EXERCISE INSTRUCTIONS –
Take each line from the material below that includes the string "Immunohistochemistry" and copy it.

-------- INPUT

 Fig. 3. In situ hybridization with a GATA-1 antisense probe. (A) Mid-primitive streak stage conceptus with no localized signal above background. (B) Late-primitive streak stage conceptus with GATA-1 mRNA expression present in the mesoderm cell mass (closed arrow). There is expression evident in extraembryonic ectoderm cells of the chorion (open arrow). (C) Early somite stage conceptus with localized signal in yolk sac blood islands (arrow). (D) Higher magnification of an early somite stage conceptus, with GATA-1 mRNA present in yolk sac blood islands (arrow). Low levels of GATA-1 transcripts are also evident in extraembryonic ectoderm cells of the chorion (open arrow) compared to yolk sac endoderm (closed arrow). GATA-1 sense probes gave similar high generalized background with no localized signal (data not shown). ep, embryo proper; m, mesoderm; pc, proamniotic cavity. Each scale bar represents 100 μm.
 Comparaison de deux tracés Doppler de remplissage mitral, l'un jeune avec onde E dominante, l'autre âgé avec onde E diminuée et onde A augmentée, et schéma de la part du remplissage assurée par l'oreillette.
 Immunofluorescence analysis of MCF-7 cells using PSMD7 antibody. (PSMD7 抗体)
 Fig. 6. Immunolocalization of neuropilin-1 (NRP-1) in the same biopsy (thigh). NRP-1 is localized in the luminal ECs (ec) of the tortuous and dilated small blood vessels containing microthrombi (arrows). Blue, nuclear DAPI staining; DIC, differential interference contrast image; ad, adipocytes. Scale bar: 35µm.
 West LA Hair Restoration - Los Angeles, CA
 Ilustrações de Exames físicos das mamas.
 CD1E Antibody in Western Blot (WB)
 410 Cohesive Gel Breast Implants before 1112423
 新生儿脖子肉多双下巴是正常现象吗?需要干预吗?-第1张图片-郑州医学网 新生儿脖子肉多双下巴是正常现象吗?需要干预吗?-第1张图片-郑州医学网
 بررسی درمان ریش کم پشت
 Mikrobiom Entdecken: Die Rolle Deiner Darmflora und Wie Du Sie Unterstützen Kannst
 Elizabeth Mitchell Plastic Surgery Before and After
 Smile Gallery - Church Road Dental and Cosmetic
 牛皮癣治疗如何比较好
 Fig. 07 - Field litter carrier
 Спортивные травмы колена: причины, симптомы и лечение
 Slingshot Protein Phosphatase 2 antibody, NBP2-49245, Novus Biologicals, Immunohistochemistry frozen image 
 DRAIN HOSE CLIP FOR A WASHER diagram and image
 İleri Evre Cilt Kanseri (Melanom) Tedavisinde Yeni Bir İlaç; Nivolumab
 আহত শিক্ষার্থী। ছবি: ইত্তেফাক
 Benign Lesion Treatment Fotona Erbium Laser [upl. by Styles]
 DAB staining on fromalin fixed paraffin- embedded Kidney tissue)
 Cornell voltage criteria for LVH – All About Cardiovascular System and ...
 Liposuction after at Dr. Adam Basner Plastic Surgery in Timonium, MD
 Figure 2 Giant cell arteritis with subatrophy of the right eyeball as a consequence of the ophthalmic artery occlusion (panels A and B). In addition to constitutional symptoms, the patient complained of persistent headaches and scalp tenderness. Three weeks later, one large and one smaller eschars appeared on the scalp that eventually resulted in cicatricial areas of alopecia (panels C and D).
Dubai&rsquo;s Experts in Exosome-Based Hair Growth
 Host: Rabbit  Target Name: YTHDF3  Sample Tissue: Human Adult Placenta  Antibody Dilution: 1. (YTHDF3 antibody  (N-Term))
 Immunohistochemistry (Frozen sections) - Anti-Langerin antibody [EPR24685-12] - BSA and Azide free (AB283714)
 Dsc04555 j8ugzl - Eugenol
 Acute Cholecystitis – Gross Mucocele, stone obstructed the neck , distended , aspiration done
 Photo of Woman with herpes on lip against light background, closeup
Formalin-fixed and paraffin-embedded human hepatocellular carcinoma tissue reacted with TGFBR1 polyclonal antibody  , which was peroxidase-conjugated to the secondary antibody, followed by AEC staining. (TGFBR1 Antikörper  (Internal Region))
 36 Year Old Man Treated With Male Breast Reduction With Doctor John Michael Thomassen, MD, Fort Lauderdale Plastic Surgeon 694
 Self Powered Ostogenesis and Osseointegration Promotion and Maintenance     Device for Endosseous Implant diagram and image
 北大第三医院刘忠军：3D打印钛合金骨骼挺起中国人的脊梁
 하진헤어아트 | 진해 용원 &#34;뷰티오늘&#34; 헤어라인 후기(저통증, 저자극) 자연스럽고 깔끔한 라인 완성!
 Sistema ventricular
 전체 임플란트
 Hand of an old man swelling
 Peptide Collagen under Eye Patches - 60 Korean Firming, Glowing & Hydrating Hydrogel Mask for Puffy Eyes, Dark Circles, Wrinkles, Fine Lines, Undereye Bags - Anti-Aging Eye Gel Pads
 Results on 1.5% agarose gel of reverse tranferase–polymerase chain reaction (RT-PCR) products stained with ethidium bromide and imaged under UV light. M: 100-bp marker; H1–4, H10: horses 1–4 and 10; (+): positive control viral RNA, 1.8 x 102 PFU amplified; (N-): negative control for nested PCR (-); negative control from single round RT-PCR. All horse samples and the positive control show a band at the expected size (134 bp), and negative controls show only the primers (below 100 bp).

----------------

RESPONSE TO THIS EXERCISE –
 Slingshot Protein Phosphatase 2 antibody, NBP2-49245, Novus Biologicals, Immunohistochemistry frozen image 
 Immunohistochemistry (Frozen sections) - Anti-Langerin antibody [EPR24685-12] - BSA and Azide free (AB283714)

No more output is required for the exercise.